Jetzt muss ich mich nur mal Schlau machen bezüglich der Querschnitts.

EDIT:
Kann ich die Leitung dann ganz normal durch die vorhandenen Verdrahtungskanäle führen?


----------



## piksieben (1 Januar 2017)

Ich würde hier ein Steuertrafo 400/230Volt verwenden. Nicht immer ist ein "N" vorhanden. Und wie Lipperlandstern
schreibt, mir kurzschlussferster Leitung.


----------



## Peed (1 Januar 2017)

Was meinst du mit  "Nicht immer ist ein "N" vorhanden"?
Ich habe bereits ein Steuertrafo eingeplant jedoch hinter dem Hauptschalter.
Ein zweites extra für die Steckdose, mhhhh dann würde ich noch nach einer alternative suchen.


----------



## hucki (1 Januar 2017)

OT:

Wenn Du den Schaltplan selber zeichnest, dann schau' Dir auch den Hauptschalter noch einmal an.


----------



## Blockmove (1 Januar 2017)

Wirf auch einen Blick auf das Schaltvermögen des FI und des Automaten ...


----------



## Hesse (1 Januar 2017)

Warum nicht einen „Automat“ mit entsprechendem Schaltvermögen vor den FI, anstatt dahinter?


----------



## piksieben (2 Januar 2017)

Moin Peed,

wir bekommen vom Kunden meistens nur L1, L2, L3 und PE, (daher die Aussage mit dem "N").

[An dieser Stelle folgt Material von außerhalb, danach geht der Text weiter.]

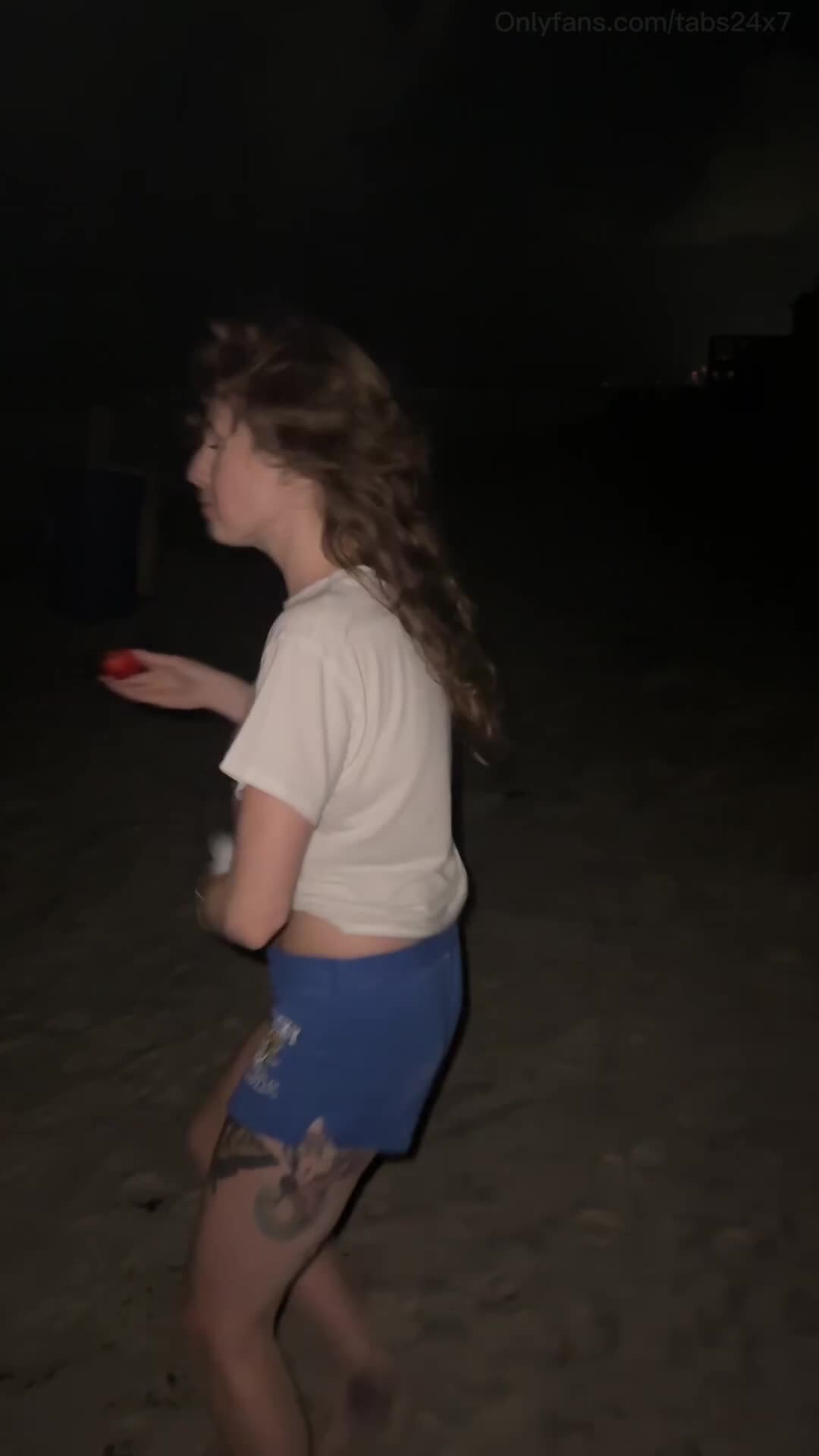 Video 651071 from Tabby Ridiman / Tabs24x7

Aus diesem Grund bauen wir grundsätzlich eine Steuertrafo mit vorgeschalteten Trafoschutz ein.

Dahinter den N (0V) erden, L (230V) und N (0V) über eine FI-Schutzschalter zur Sicherung (BxA).



MFG

piksieben


----------



## Betriebselektriker28 (3 Januar 2017)

Hesse schrieb:


> Warum nicht einen „Automat“ mit entsprechendem Schaltvermögen vor den FI, anstatt dahinter?



Oder gleich einen FI-LS?


----------



## Hesse (3 Januar 2017)

Betriebselektriker28 schrieb:


> Oder gleich einen FI-LS?



  Kommt halt auf das geforderte Abschaltvermögen an ,
  FI/LS haben meist nur 10 kA.
  Wenn das reicht ist es aber OK


----------



## Blockmove (3 Januar 2017)

piksieben schrieb:


> wir bekommen vom Kunden meistens nur L1, L2, L3 und PE, (daher die Aussage mit dem "N").



In Deutschland ist das eher ungewöhnlich.
Sicher, dass es kein PEN ist?

Gruß
Blockmove


----------



## piksieben (3 Januar 2017)

Ja sicher, ist keine PEN. Wird vom Kunden so vorgegeben.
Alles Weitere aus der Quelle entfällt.